The bulkheads and plating that comprise this space-fighter are familiar and reliable, drawing from the technical aggression of Helstar, Crescent Shield, Liege Lord, and Attacker and combined with space-age composite materials manufactured by merchants Voivod, Fates Warning, Queensryche, and Coroner. Its loadout combines conventional firepower with today’s advances in metal weaponry. Rhythms are fast and vicious, going off like a chaingun loaded with laser-precise bullets as it fires off carefully disciplined waves of varied, string-skipping riffs. However its fire control systems are impressive, allowing them to integrate a more diverse range of chord progressions and sudden, compact flurries of technical accomplishments, like a sudden explosion of laser fire captured in blink-and-you-miss-it flashes.
Perhaps its most effective component is its ability to contrast between tried-and-true metal battle-tactics with prog-type specialist equipment. This craft’s crewmen have had many different types of training – high speed staccato rides, well integrated basslines that assist with auxiliary low-register supporting fire at select interval, mid-paced thrash breaks to reinforce and resolve themes, all kept at a brisk pace. Sometimes they feel faster than they really are because of how quick they come out. However, the part that stood out tome would be the eerie strummed chords and more particular lead guitars on tracks like “En Cima Del Mal”, “Lost Chapter E. Sutratma”, and “A Tyrannous Revolt”. I feel that if the band really want to go to the next level, they might as well fully upgrade to prog-class corvette and venture out into the strange outlands of stranger tonal properties.

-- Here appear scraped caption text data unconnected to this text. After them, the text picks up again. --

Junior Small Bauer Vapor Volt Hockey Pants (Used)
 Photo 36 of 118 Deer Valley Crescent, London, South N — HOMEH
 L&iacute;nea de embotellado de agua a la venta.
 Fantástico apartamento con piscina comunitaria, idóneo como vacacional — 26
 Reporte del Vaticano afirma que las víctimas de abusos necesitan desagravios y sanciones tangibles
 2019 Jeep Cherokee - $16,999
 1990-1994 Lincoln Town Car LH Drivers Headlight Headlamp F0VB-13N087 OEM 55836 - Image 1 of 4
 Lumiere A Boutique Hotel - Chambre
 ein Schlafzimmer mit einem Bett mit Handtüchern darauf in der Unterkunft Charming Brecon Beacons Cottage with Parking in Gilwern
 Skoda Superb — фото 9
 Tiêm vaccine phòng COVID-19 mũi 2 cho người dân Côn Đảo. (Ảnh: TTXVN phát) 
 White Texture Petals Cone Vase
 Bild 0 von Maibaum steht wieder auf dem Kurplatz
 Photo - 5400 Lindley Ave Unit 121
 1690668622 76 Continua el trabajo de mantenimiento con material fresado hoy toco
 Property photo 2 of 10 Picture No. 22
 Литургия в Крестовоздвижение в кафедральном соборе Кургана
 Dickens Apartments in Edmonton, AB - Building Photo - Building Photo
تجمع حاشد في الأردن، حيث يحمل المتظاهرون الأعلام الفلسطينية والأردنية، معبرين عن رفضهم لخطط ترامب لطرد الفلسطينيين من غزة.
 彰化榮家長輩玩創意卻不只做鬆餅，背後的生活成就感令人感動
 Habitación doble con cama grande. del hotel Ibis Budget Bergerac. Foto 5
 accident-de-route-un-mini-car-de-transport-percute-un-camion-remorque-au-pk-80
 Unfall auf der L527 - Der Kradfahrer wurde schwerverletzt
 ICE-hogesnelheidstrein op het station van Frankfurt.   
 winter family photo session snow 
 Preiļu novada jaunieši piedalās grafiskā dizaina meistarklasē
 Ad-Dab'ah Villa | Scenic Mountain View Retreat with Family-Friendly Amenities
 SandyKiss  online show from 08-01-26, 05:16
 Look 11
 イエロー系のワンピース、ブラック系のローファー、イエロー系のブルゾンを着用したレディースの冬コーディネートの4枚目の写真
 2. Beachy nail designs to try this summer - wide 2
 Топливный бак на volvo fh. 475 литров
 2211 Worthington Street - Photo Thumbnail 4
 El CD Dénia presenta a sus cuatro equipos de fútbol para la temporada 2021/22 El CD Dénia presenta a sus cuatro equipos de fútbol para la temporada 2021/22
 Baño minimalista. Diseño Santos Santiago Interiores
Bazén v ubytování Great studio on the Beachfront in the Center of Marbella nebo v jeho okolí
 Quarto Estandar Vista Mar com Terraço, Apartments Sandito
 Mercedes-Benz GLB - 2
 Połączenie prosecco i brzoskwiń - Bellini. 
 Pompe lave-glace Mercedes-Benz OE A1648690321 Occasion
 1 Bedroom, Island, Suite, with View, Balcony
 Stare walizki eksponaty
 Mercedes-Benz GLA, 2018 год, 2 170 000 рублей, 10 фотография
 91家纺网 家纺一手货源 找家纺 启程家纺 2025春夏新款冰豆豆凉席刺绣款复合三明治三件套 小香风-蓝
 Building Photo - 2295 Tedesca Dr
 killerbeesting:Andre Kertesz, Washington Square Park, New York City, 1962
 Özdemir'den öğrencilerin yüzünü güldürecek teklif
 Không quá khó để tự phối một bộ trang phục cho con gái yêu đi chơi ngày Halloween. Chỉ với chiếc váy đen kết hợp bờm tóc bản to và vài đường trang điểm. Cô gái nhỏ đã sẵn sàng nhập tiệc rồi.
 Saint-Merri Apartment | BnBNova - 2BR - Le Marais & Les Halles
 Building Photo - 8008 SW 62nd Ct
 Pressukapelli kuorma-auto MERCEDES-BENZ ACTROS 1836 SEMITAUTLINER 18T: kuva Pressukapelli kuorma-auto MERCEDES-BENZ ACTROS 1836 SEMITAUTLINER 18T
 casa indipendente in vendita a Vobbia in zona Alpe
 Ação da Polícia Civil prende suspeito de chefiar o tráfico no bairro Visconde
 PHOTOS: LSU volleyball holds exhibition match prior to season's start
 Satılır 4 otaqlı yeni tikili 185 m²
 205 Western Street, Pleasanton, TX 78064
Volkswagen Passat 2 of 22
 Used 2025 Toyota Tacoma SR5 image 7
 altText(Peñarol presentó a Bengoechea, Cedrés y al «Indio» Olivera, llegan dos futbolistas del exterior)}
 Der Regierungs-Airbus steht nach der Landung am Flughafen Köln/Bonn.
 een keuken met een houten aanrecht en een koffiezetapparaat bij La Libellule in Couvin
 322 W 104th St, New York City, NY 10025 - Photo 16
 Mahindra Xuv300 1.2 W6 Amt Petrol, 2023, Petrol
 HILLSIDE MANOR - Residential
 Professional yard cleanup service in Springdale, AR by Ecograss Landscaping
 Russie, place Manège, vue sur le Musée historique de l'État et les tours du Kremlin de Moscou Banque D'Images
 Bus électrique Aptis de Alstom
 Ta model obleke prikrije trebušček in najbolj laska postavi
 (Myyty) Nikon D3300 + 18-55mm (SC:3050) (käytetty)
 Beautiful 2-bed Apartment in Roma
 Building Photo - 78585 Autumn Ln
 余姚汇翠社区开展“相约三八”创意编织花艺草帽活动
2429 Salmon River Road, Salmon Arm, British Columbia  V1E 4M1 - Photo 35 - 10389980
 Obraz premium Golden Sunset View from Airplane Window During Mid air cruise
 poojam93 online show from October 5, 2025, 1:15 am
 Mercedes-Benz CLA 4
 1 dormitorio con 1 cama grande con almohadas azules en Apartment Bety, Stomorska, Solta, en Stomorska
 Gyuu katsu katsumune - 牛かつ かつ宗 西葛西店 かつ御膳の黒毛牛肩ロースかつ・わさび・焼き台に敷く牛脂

Aside from the final track having a long pause of silence after the initial riff-flurries before a moody outro piece, there’s no real flaws with this album. It’s incredibly well realized, possessing a juicy smorgasborg of technique allowing it to compete with modern day theory-nerd metal but delivered with the powerful vigour of oldschool practitioners. It feels pulpy and raw in its intent yet it dwells beyond rather than in the here and the now. Strongly recommended to fans of more aggressive power metal and progressive/technical thrash like Mekong Delta, Watchtower, and Toxik. It touches on similar ideas as Trial’s Vessel, just emphasizing the technicality moreso than the insidious melodies. Overall I prefer the latter just a bit more but this is no less distinct and visionary for revival metal.